- YOUR INSTRUCTIONS
Without altering a word, return the records below, but exclude the pictures.

- THE RECORDS

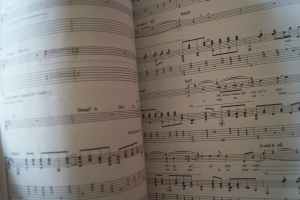 Neil Young - Guitar Anthology Songbook Notenbuch Vocal Guitar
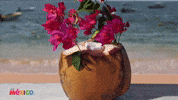 VisitMexico travel beach playa coco GIF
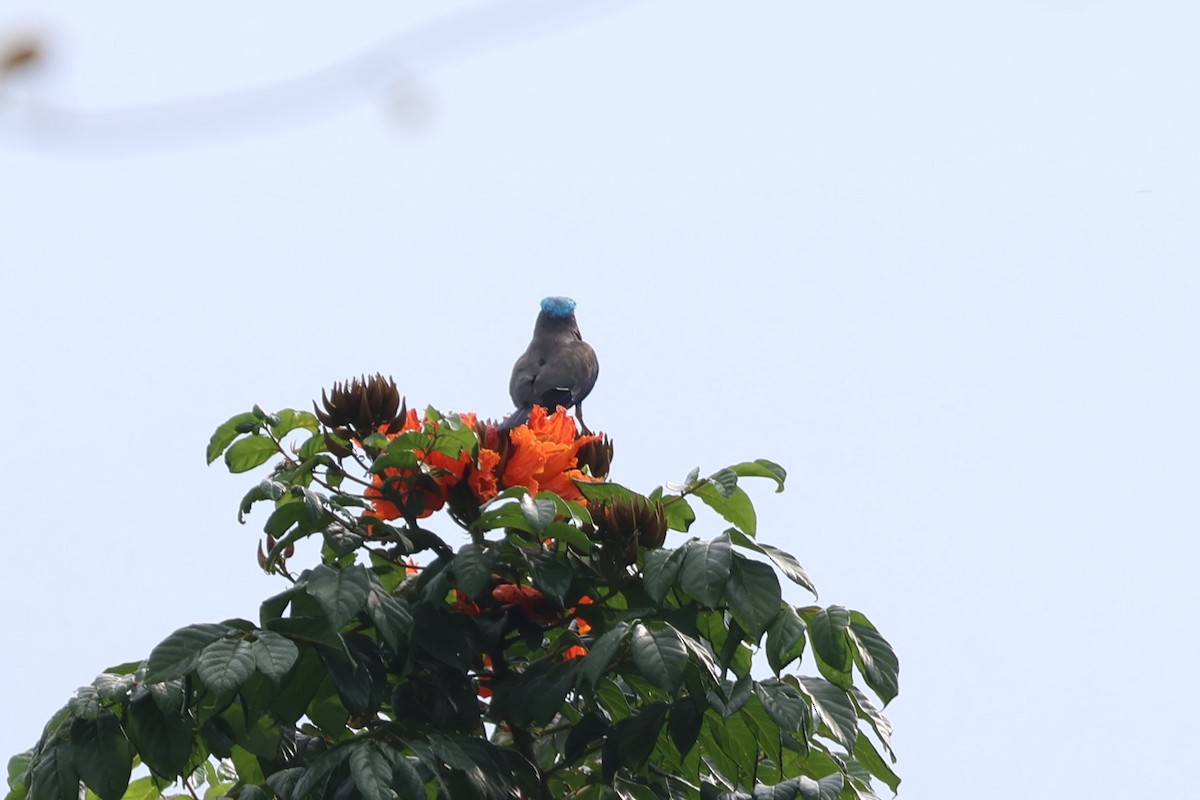 Purple-winged Roller - ML641164632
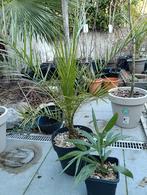 Palmboom, Bloeit niet, Minder dan 100 cm, Palmboom, Ophalen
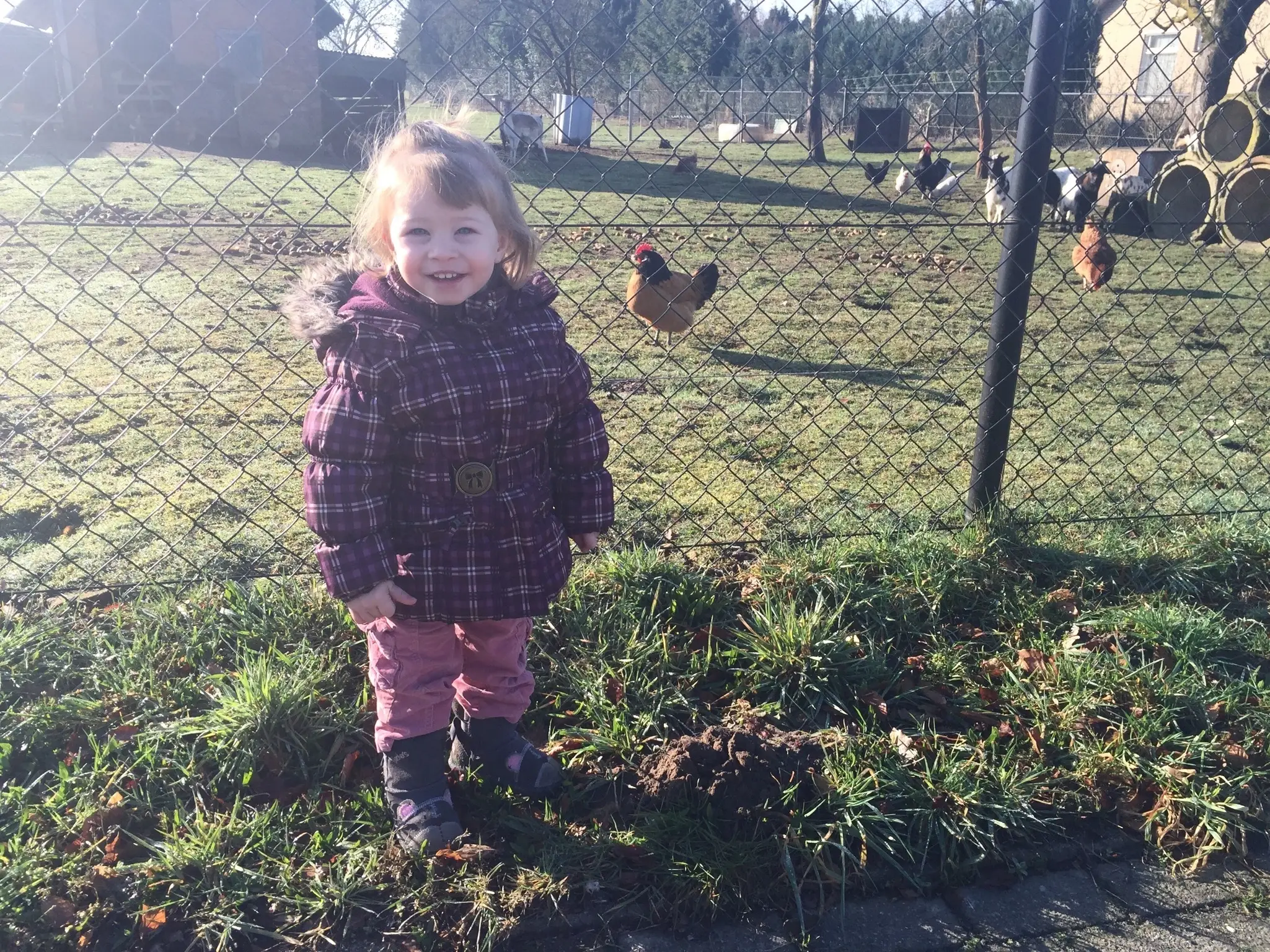 On our way to the zoo we stopped to see chickens and a deer living together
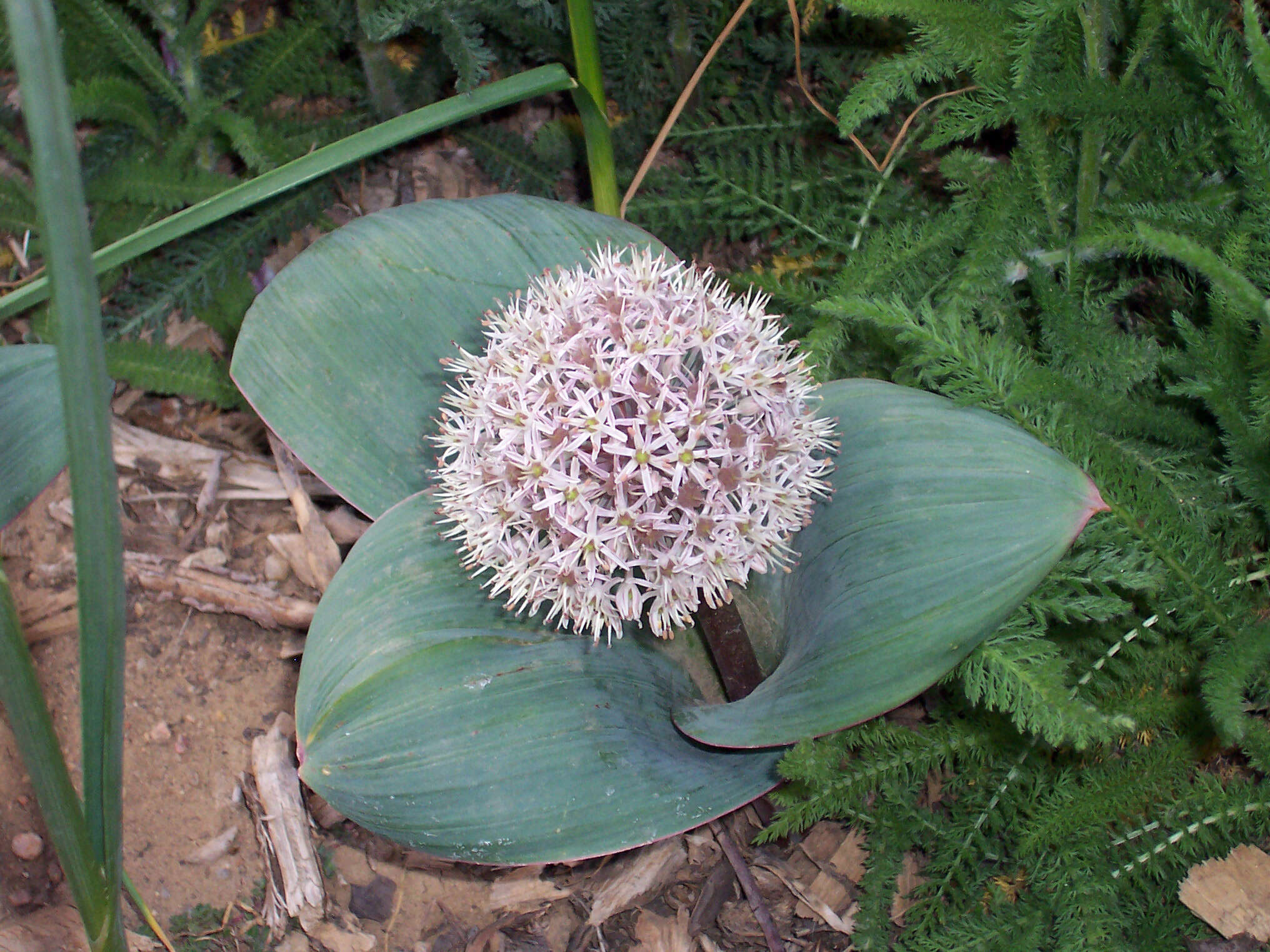 Image of Turkestan onion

- RESPONSE TO THE EXERCISE
 Neil Young - Guitar Anthology Songbook Notenbuch Vocal Guitar
 VisitMexico travel beach playa coco GIF
 Purple-winged Roller - ML641164632
 Palmboom, Bloeit niet, Minder dan 100 cm, Palmboom, Ophalen
 On our way to the zoo we stopped to see chickens and a deer living together
 Image of Turkestan onion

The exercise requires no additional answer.